The records follow. Transcribe only the lines from the line containing "Elegant dining area" through the end, both ends included, and leave out the pictures.

════════════════

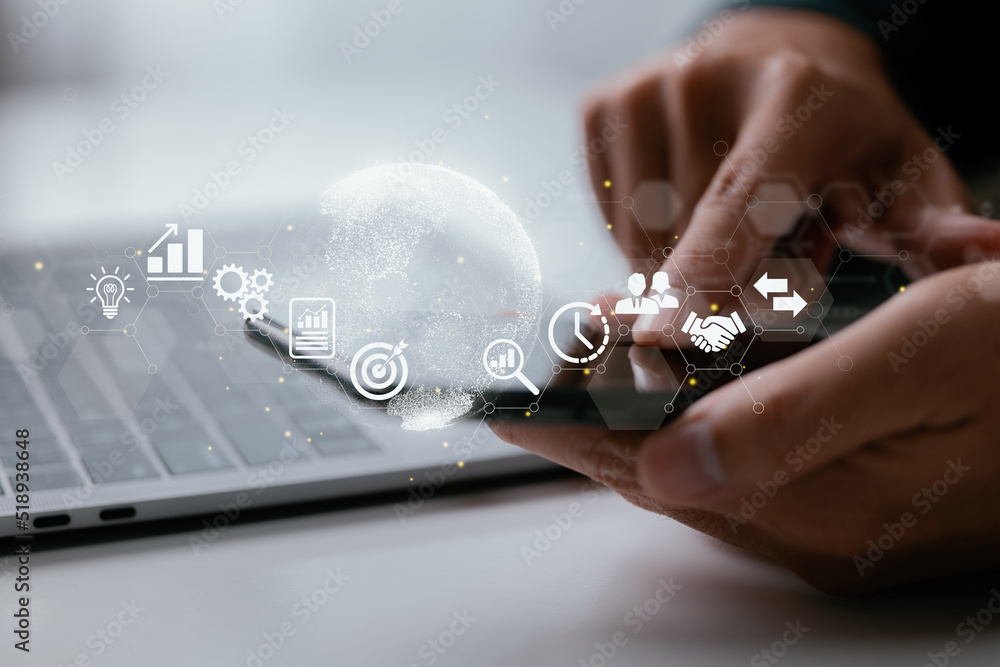 Aufkleber a businessperson with a smartphone. business worldwide internet connection application technology an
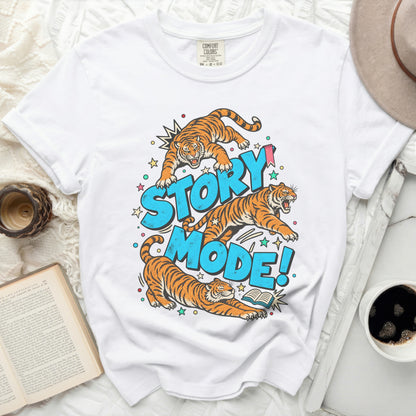 White t-shirt with tigers jumping and the text "STORY MODE!"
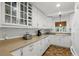 Bright kitchen with white cabinets, a tiled backsplash, and neutral countertops, offering a clean and functional space at 619 Byron Rd, Winter Park, FL 32792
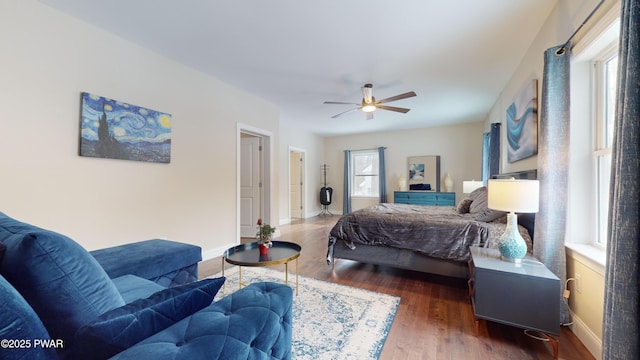 bedroom with dark hardwood / wood-style floors and ceiling fan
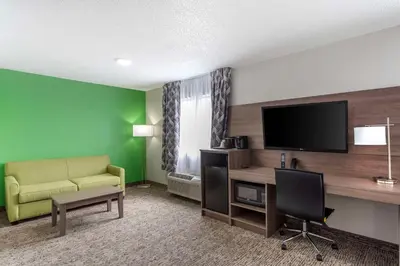 a living room with a couch and a television at Quality Inn Ripley in Ripley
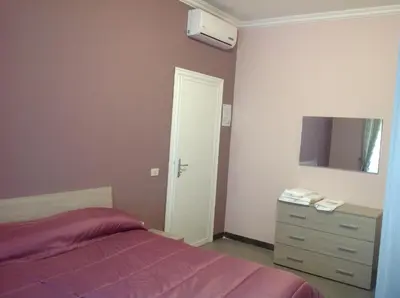 a bedroom with a bed and a dresser and a mirror at A casa di Armando in Rome
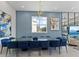Elegant dining area featuring a large table with blue seating, a decorative light fixture, and art at 2117 Pine Oak Loop, Davenport, FL 33837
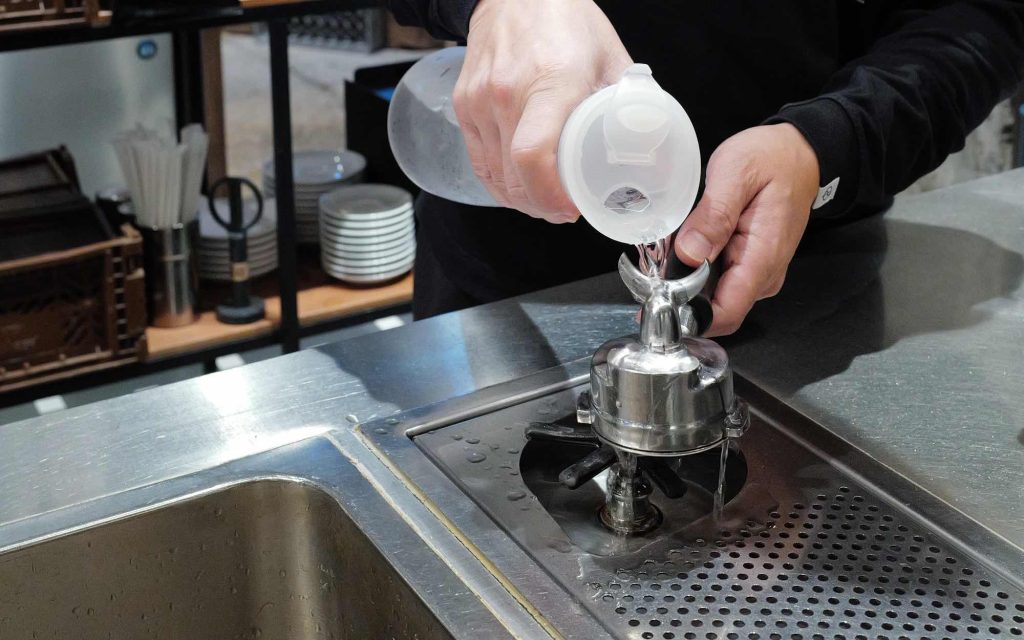 Chee Lu uses cold water to rapidly chill an espresso portafilter.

════════════════

• **Result for this exercise**
Elegant dining area featuring a large table with blue seating, a decorative light fixture, and art at 2117 Pine Oak Loop, Davenport, FL 33837
 Chee Lu uses cold water to rapidly chill an espresso portafilter.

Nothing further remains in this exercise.